Source material:
· · ·

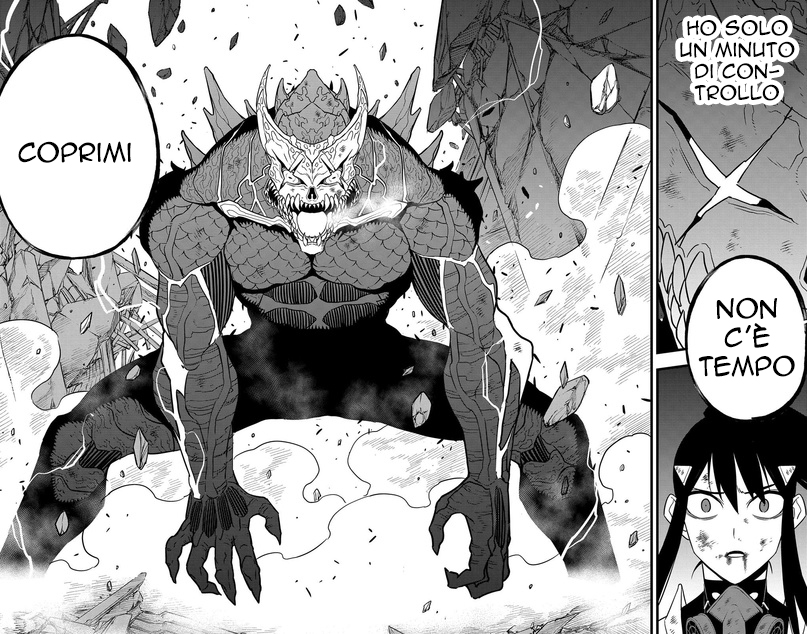 Read Kaiju No. 8 IT Manga Online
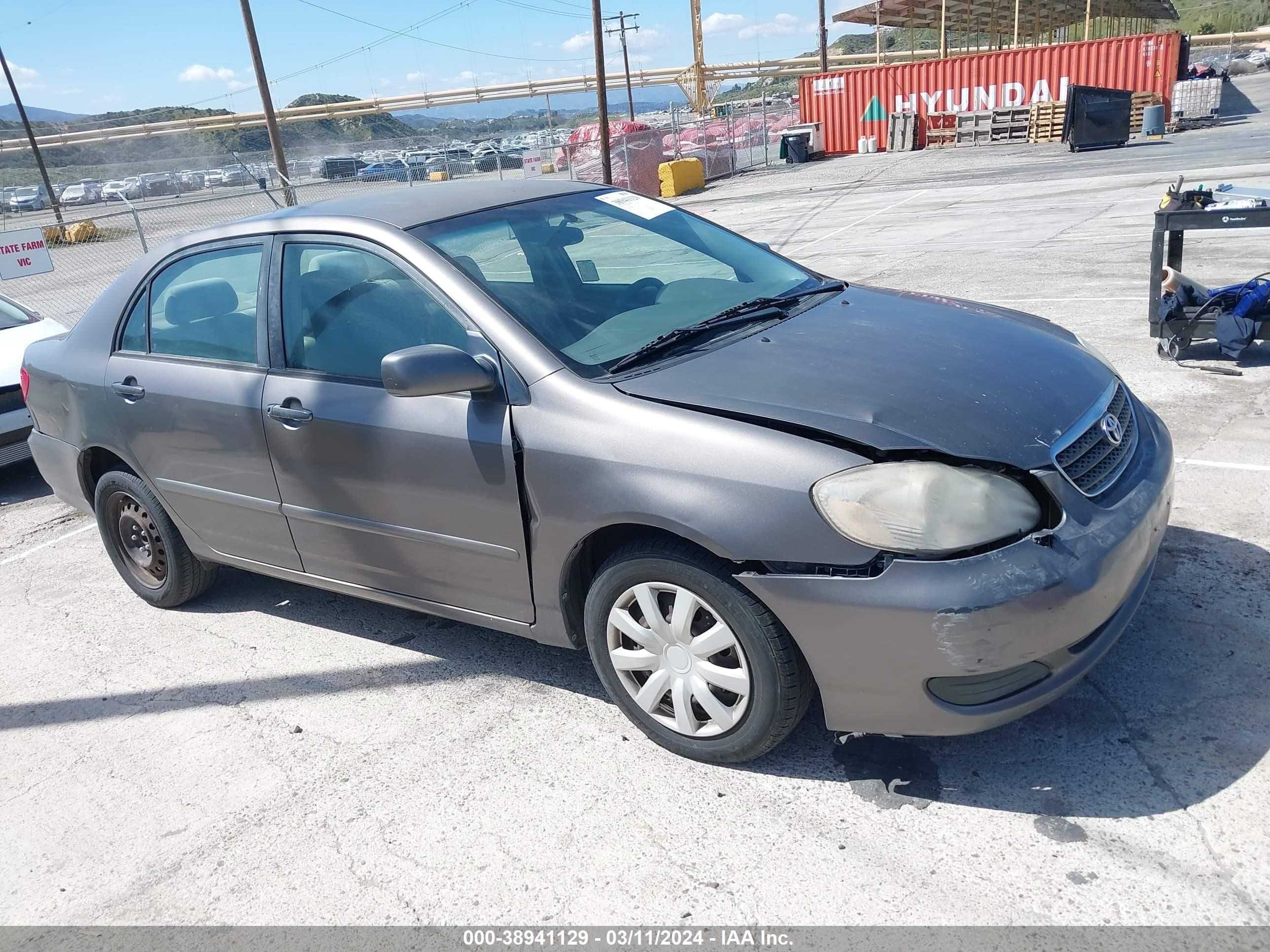 TOYOTA COROLLA 2008 1nxbr32e68z026224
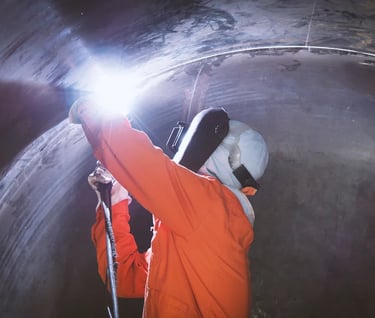 pressure vessel inspection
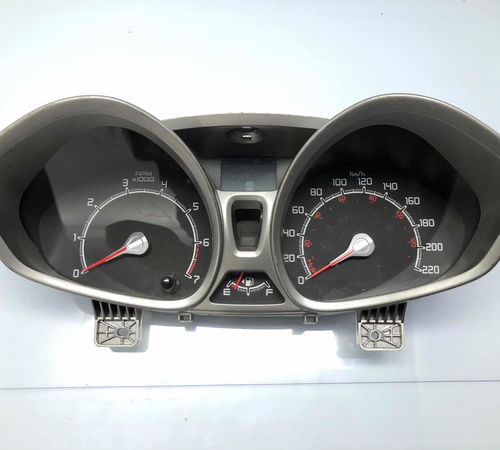 Painel De Instrumentos Ford New Fiesta 2...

· · ·

What to do:
Images in the data above are to be skipped. Retype all other material exactly.

Exercise result:
 Read Kaiju No. 8 IT Manga Online
 TOYOTA COROLLA 2008 1nxbr32e68z026224
 pressure vessel inspection
 Painel De Instrumentos Ford New Fiesta 2...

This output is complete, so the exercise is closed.